Down to the last line, print the data that follows exactly, without its pictures.

*Data excerpt:*
::::::::

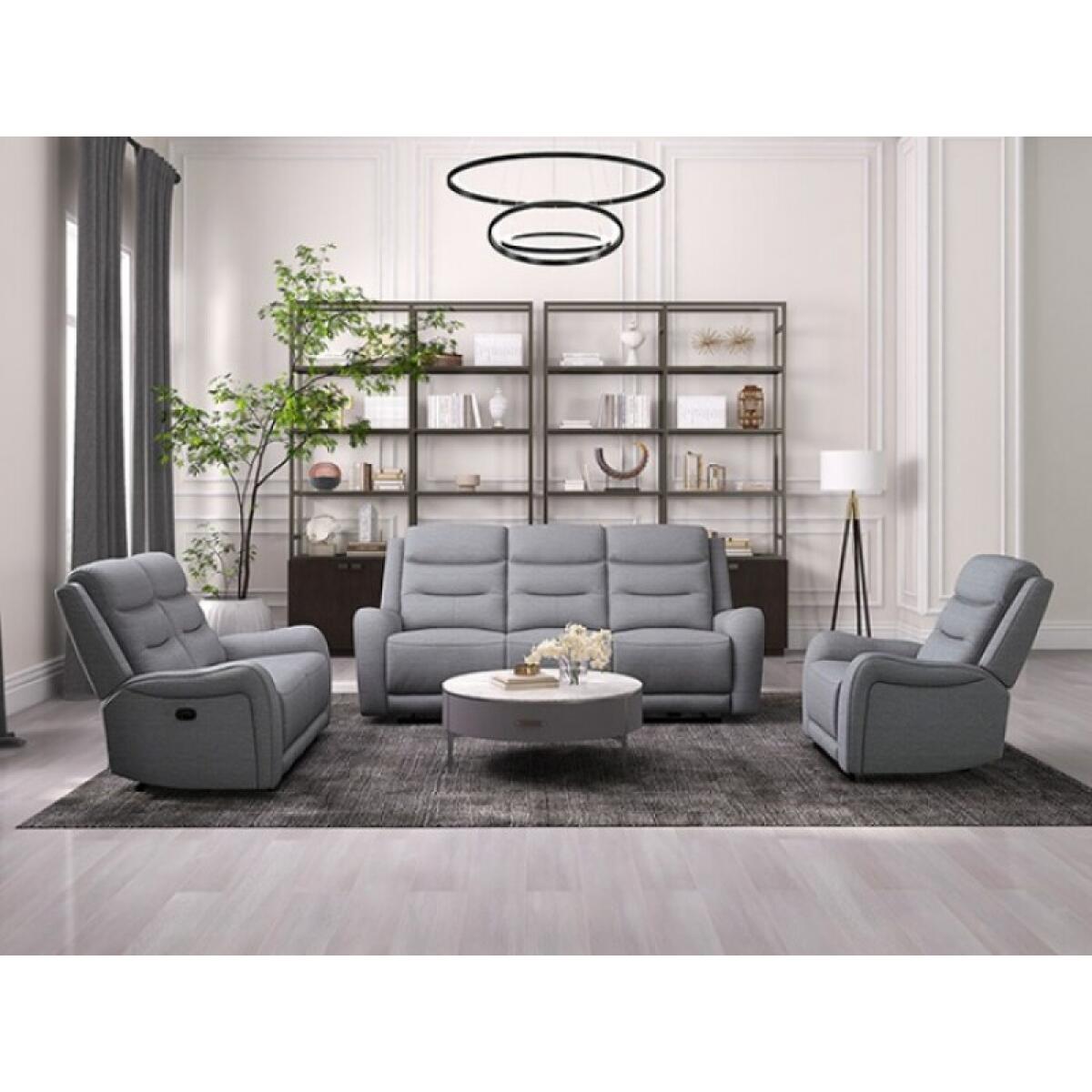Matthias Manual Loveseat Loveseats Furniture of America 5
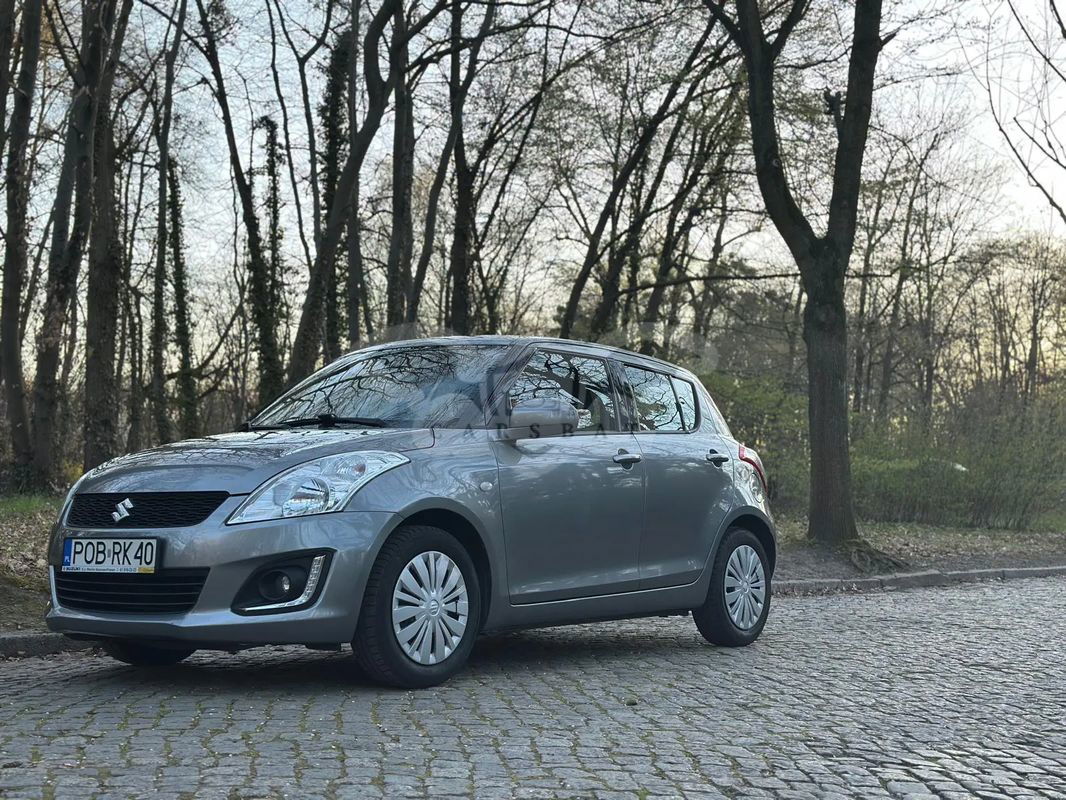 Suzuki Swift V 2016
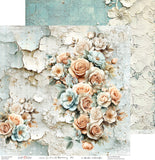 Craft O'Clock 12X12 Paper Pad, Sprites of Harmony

::::::::

*Written solution:*
Matthias Manual Loveseat Loveseats Furniture of America 5
 Suzuki Swift V 2016
 Craft O'Clock 12X12 Paper Pad, Sprites of Harmony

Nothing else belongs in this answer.